Short descriptive text snippets:
---------------
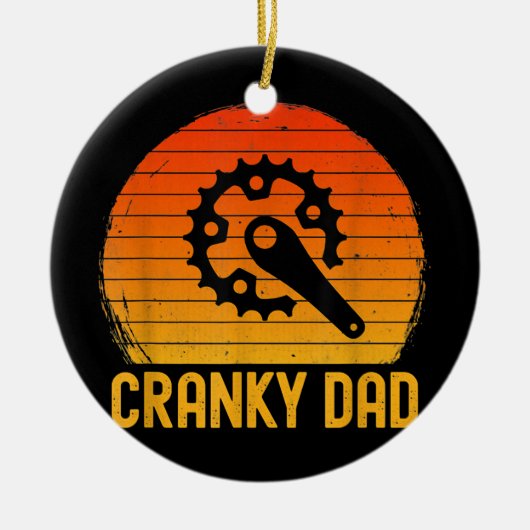 Funny Cranky Dad for Bike Riders Matching Couple Keramisch Ornament (Voorkant)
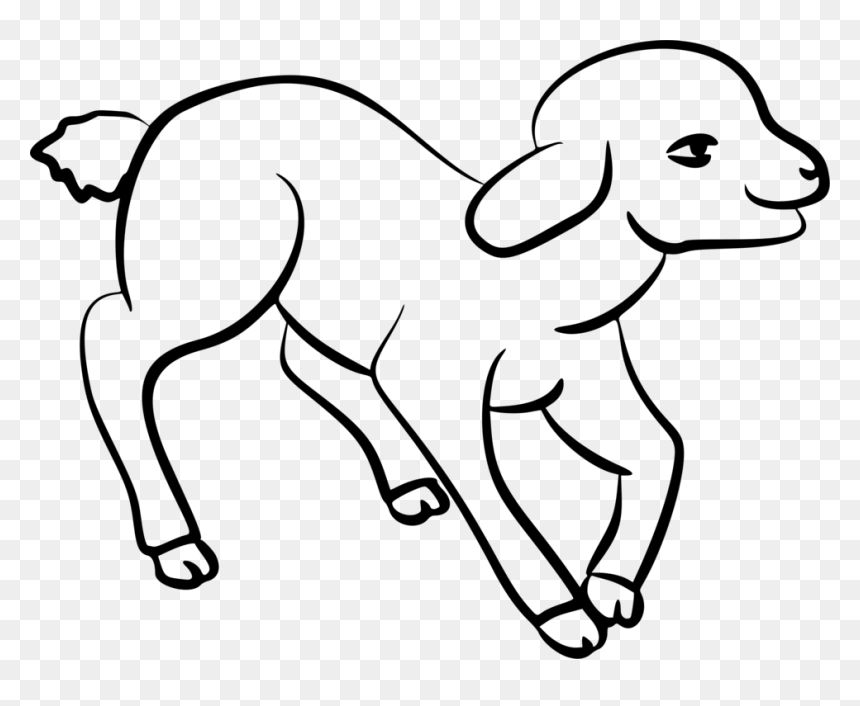 Sheep Coloring Book Dog Breed Drawing Black And White - Lamb Drawing Png, Transparent Png - white dog png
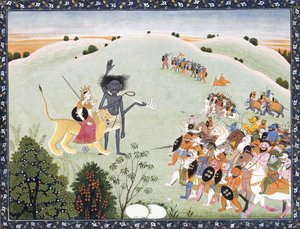 Durga and Kali Standing Before the Advancing Host of Demons by Indian School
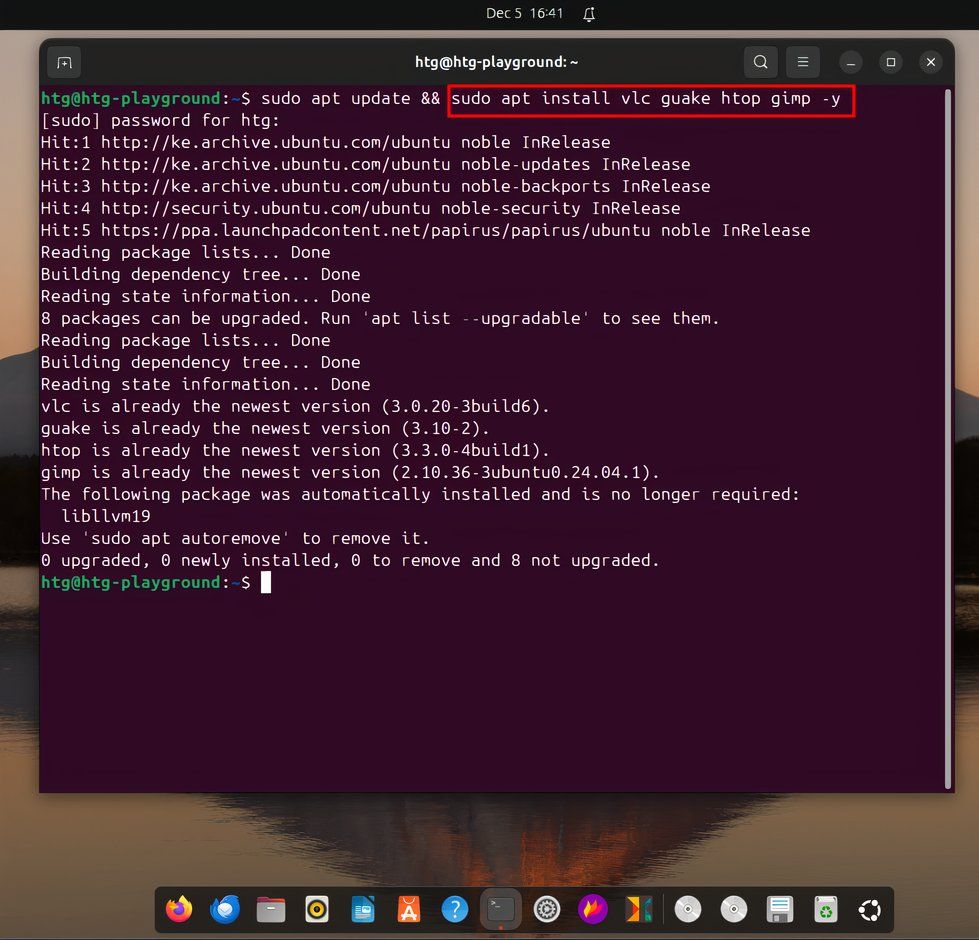 How to string commands and install multiple packages in the Linux terminal-command-string-example 3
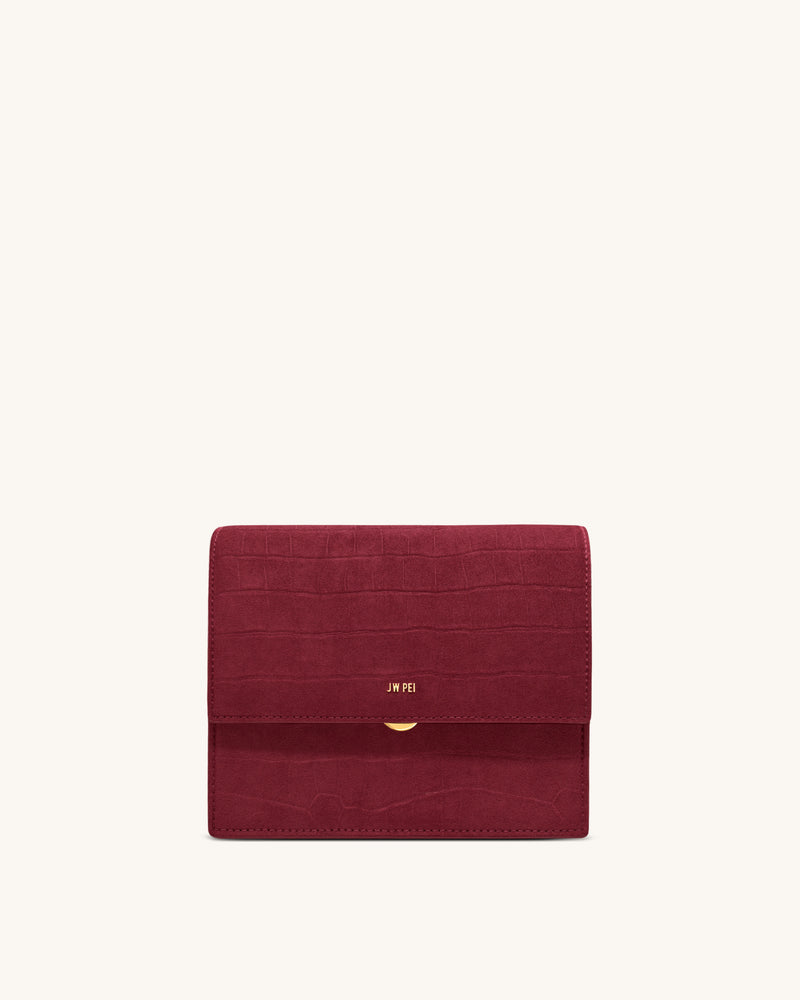 Mini Flap Faux Suede Croc Embossed Crossbody - Burgundy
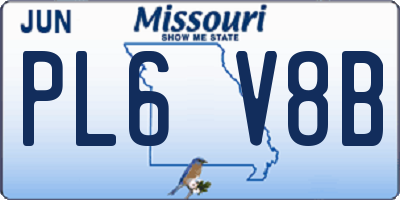MO license plate PL6V8B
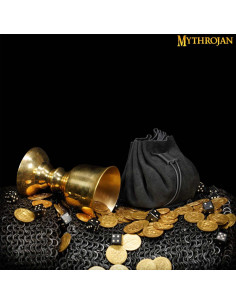 Bolsa medieval para recreações, ouro e dados - Preto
---------------
TASK ITEM:
Write out exactly the lines from the one containing "How to string" through the end of the entries, both included. Pictures are not copied.

SOLUTION:
 How to string commands and install multiple packages in the Linux terminal-command-string-example 3
 Mini Flap Faux Suede Croc Embossed Crossbody - Burgundy
MO license plate PL6V8B
 Bolsa medieval para recreações, ouro e dados - Preto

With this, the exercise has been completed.